Correlation Between Universal Music and ICC Holdings
Can any of the company-specific risk be diversified away by investing in both Universal Music and ICC Holdings at the same time? Although using a correlation coefficient on its own may not help to predict future stock returns, this module helps to understand the diversifiable risk of combining Universal Music and ICC Holdings into the same portfolio, which is an essential part of the fundamental portfolio management process.
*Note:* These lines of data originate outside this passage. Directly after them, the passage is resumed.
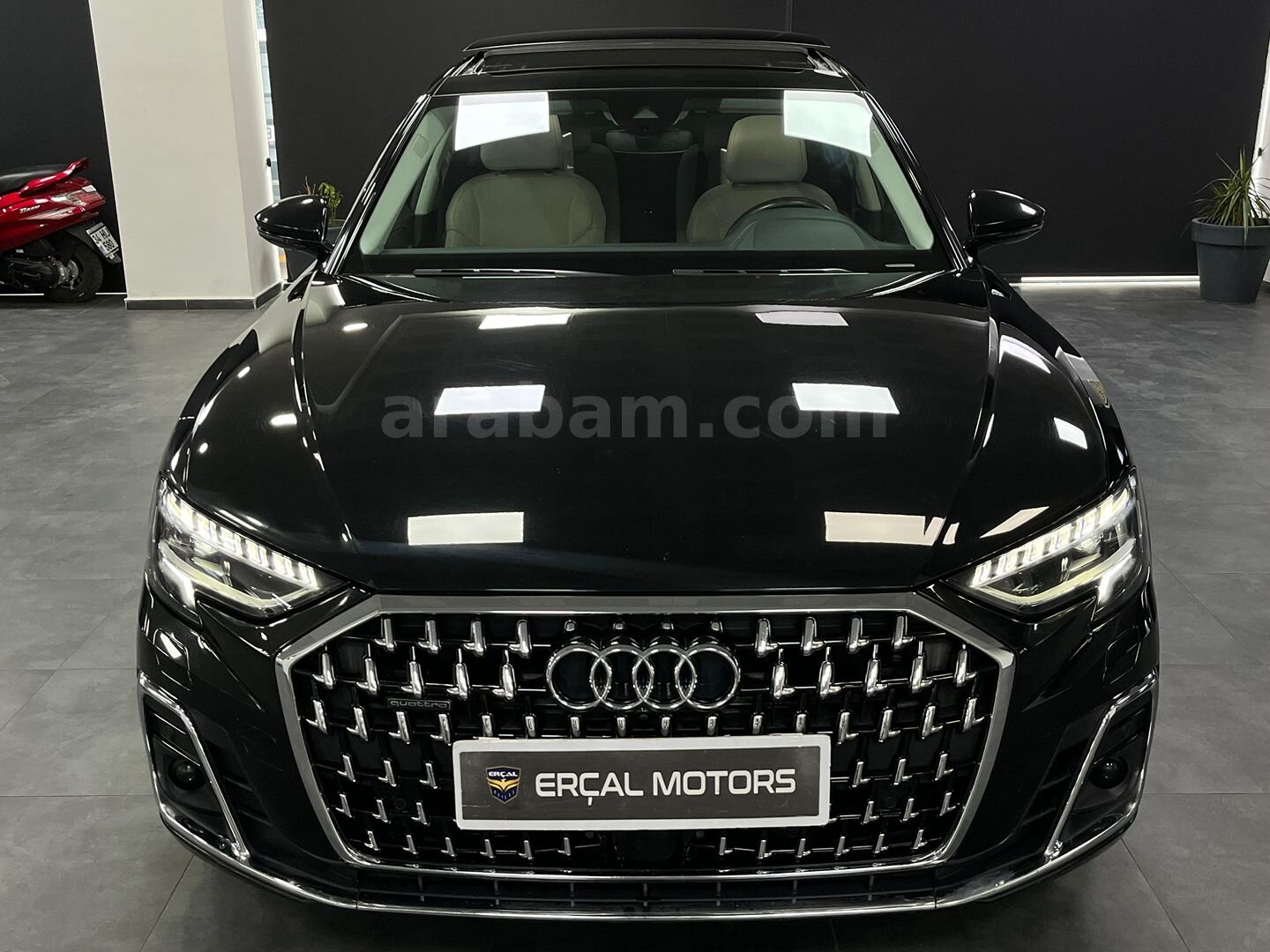 Galeriden Audi A8 50 TDI Quattro Long 2022 Model İstanbul 49.561 km Siyah 4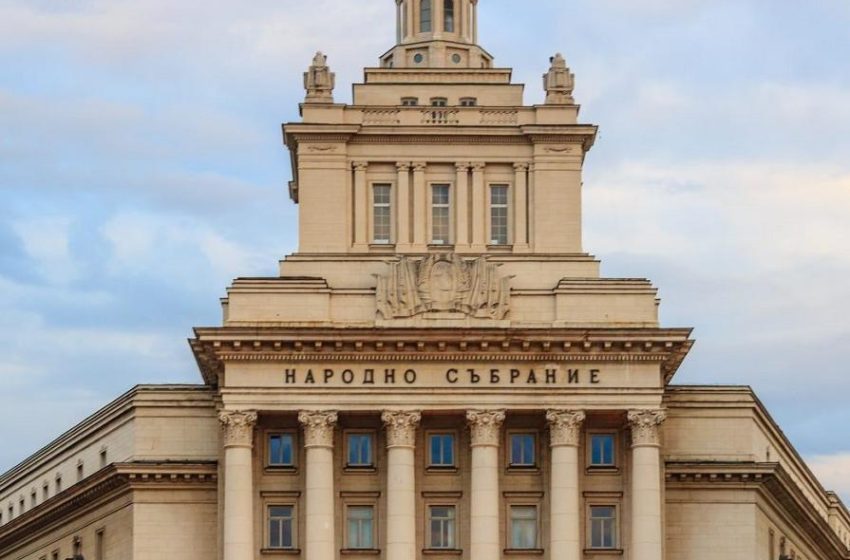  Властите успокояват: Не сме страна в конфликта, горива има, чакаме ръст на инфлацията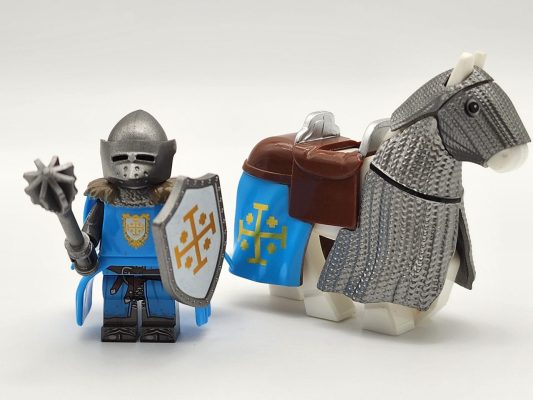 Kingdom of Jerusalem Mounted Knights & Armored Warhorse Block Figures Set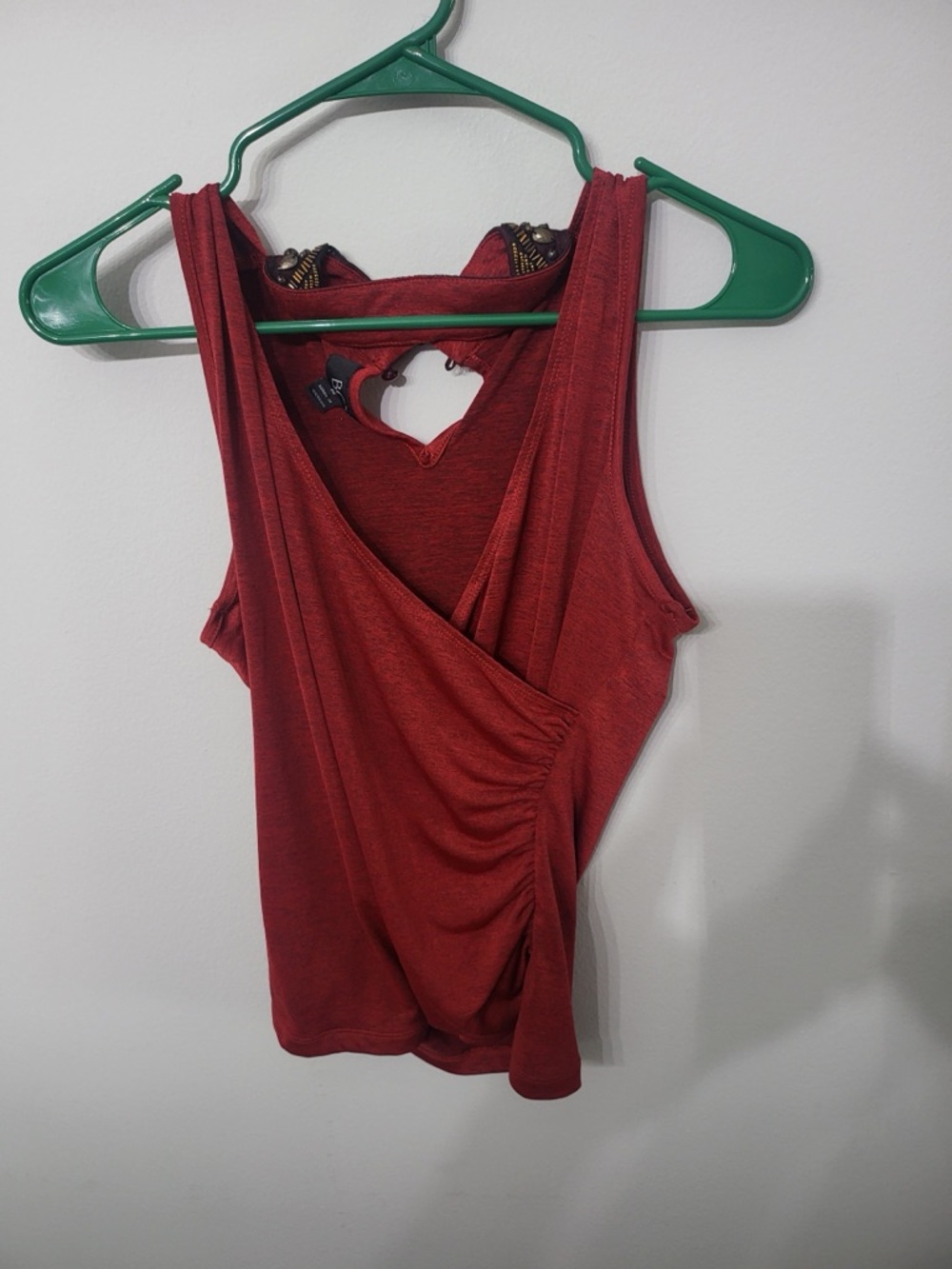 Women’s BCBGMAXAZRIA Red Draped Sleeveless Top Size Medium Like New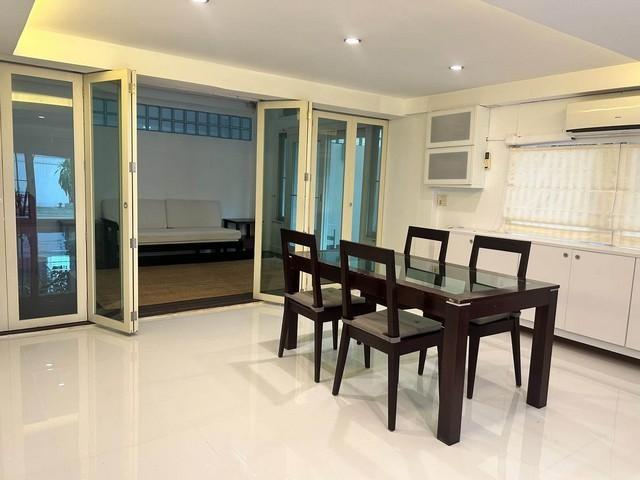 ให้เช่าบ้านเดี่ยว ย่านพระราม 9 ซอย 43 ใกล้ The Nine Center Rama 9 เหมาะสำหรับอยู่อาศัย หรือทำ Home Office พร้อมเฟอร์นิเจอร์ครบ 6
By analyzing existing cross correlation between Universal Music Group and ICC Holdings, you can compare the effects of market volatilities on Universal Music and ICC Holdings and check how they will diversify away market risk if combined in the same portfolio for a given time horizon. You can also utilize pair trading strategies of matching a long position in Universal Music with a short position of ICC Holdings. Check out your portfolio center. Please also check ongoing floating volatility patterns of Universal Music and ICC Holdings.
Diversification Opportunities for Universal Music and ICC Holdings
-0.47 | Correlation Coefficient |
Very good diversification
The 3 months correlation between Universal and ICC is -0.47. Overlapping area represents the amount of risk that can be diversified away by holding Universal Music Group and ICC Holdings in the same portfolio, assuming nothing else is changed. The correlation between historical prices or returns on ICC Holdings and Universal Music is a relative statistical measure of the degree to which these equity instruments tend to move together. The correlation coefficient measures the extent to which returns on Universal Music Group are associated (or correlated) with ICC Holdings. Values of the correlation coefficient range from -1 to +1, where. The correlation of zero (0) is possible when the price movement of ICC Holdings has no effect on the direction of Universal Music i.e., Universal Music and ICC Holdings go up and down completely randomly.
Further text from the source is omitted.